[Records drawn from a dataset]
◇ ◇ ◇ ◇ ◇ ◇ ◇

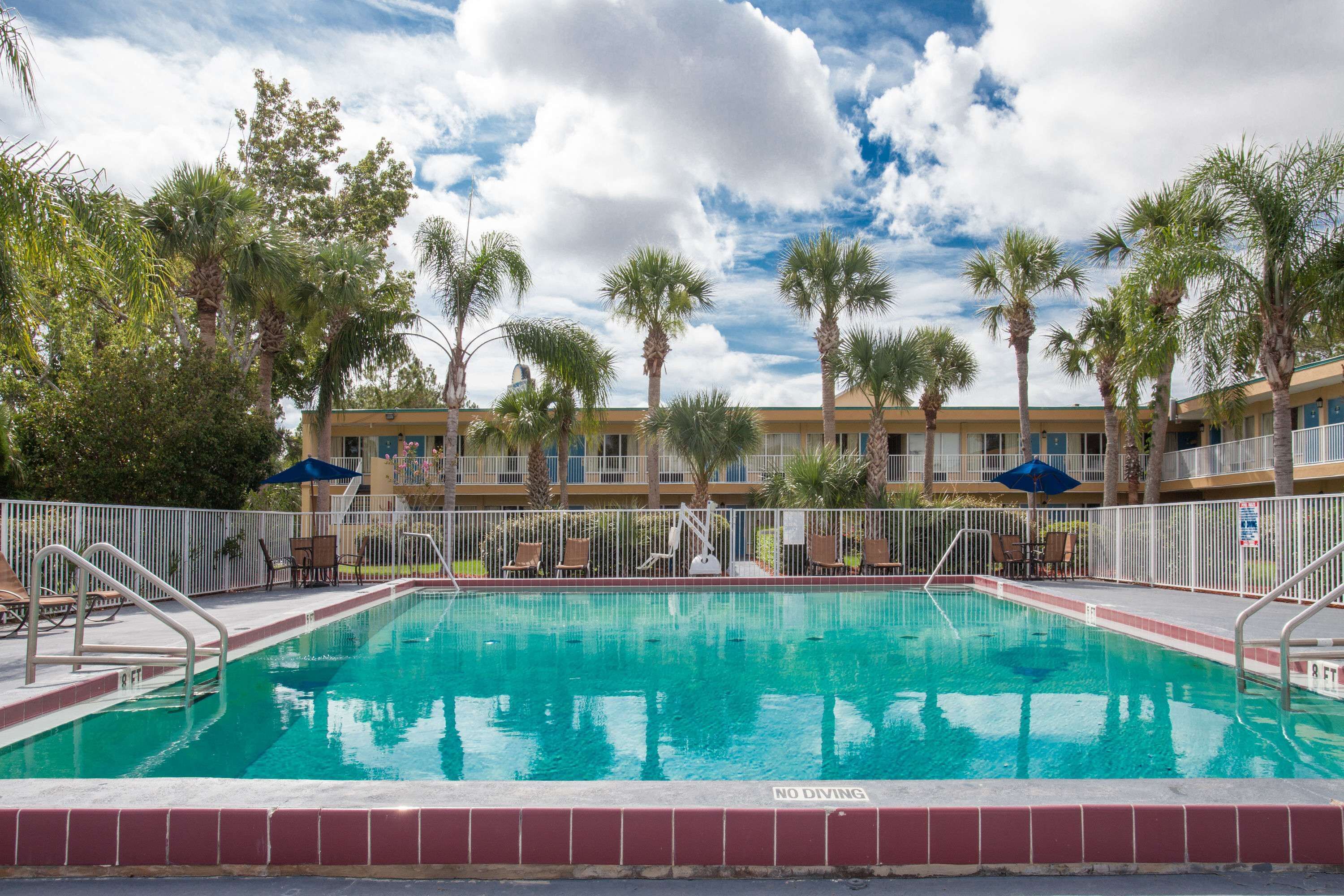 Days Inn by Wyndham Daytona Beach Speedway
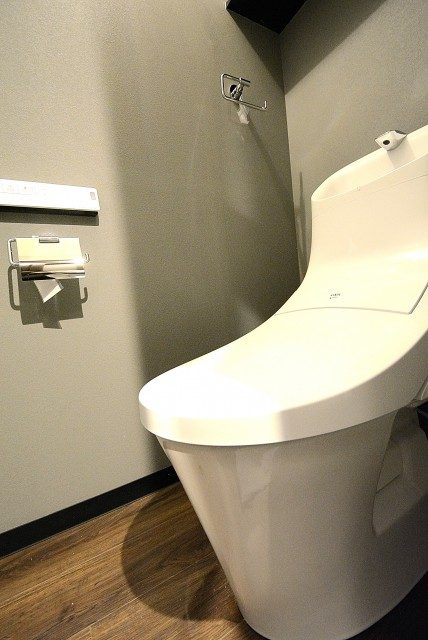 ライオンズマンション明石町 (72)トイレ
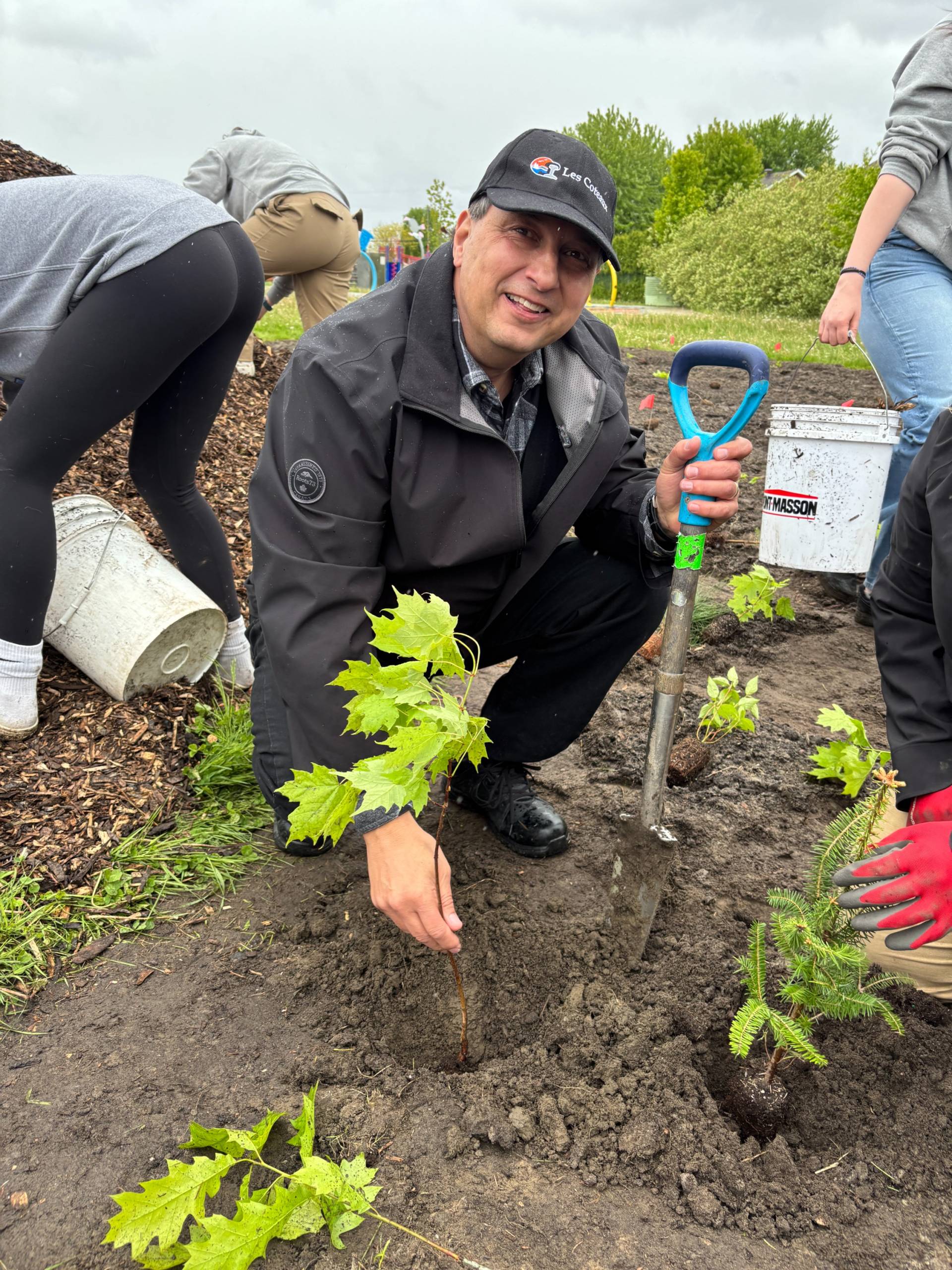 Forêt Miyawaki à Les Coteaux : la municipalité qui sème le futur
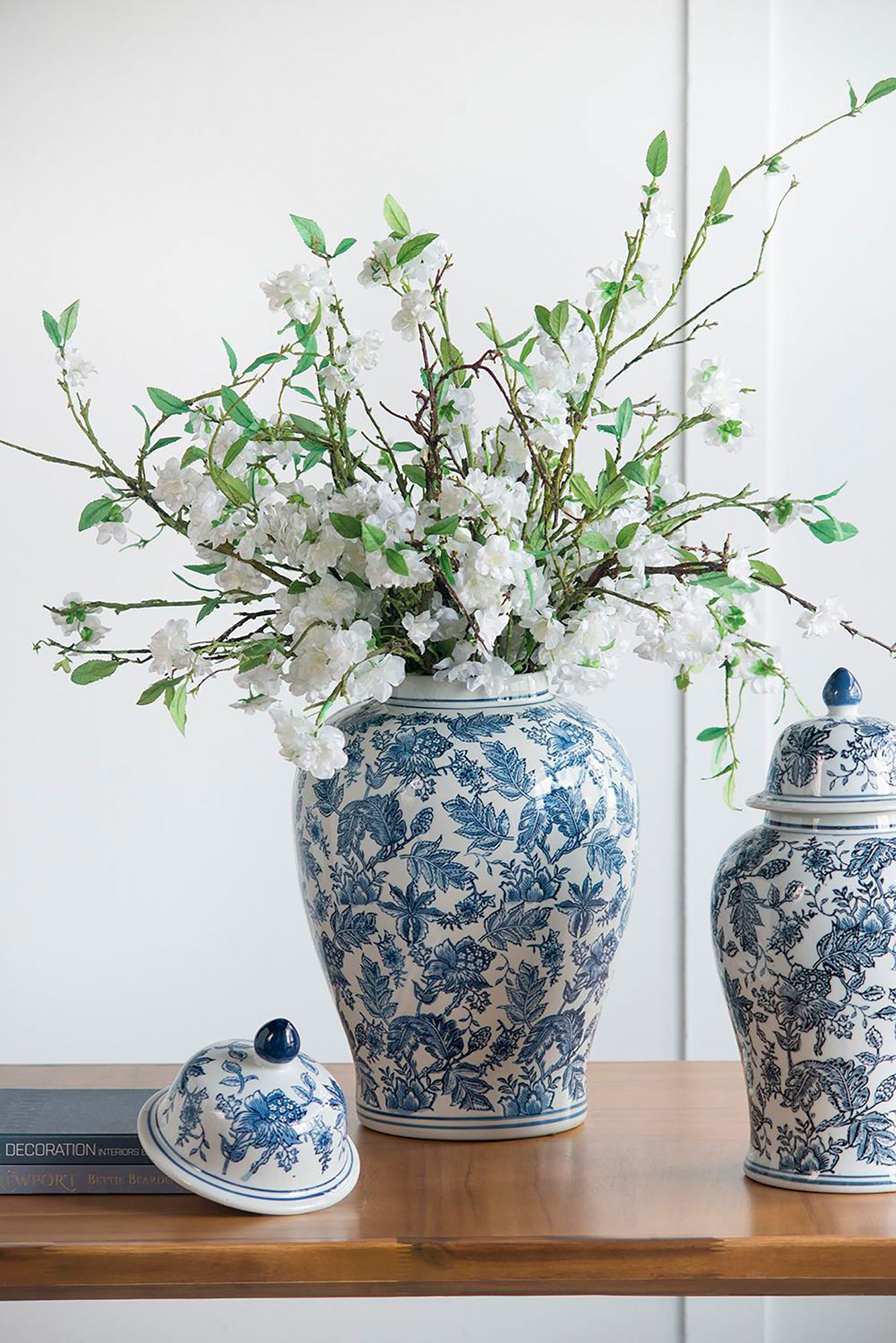 Chinoiserie 23 1/4" High Blue and White Ginger Jar with Lid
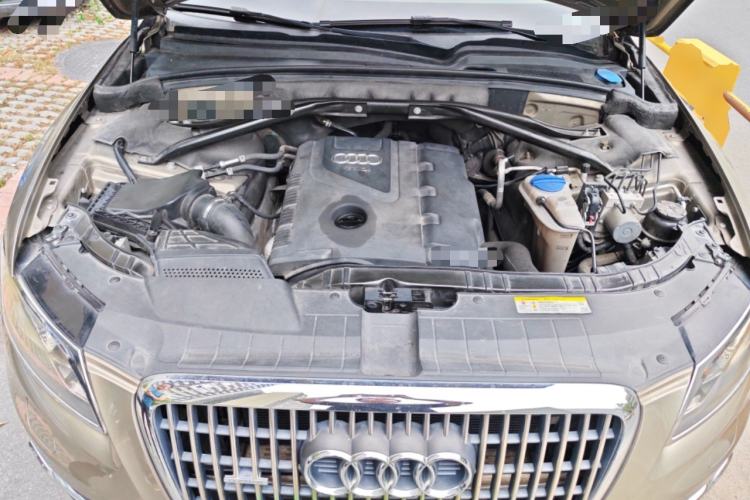 Used Audi Q5 2012 2.0TFSI Technology Model Engine Bay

◇ ◇ ◇ ◇ ◇ ◇ ◇

* _WORK INSTRUCTION_
In the copy, each entry above must match exactly, and no picture may be carried over.

* _OUTPUT FOR THIS TASK_
 Days Inn by Wyndham Daytona Beach Speedway
 ライオンズマンション明石町 (72)トイレ
 Forêt Miyawaki à Les Coteaux : la municipalité qui sème le futur
 Chinoiserie 23 1/4" High Blue and White Ginger Jar with Lid
 Used Audi Q5 2012 2.0TFSI Technology Model Engine Bay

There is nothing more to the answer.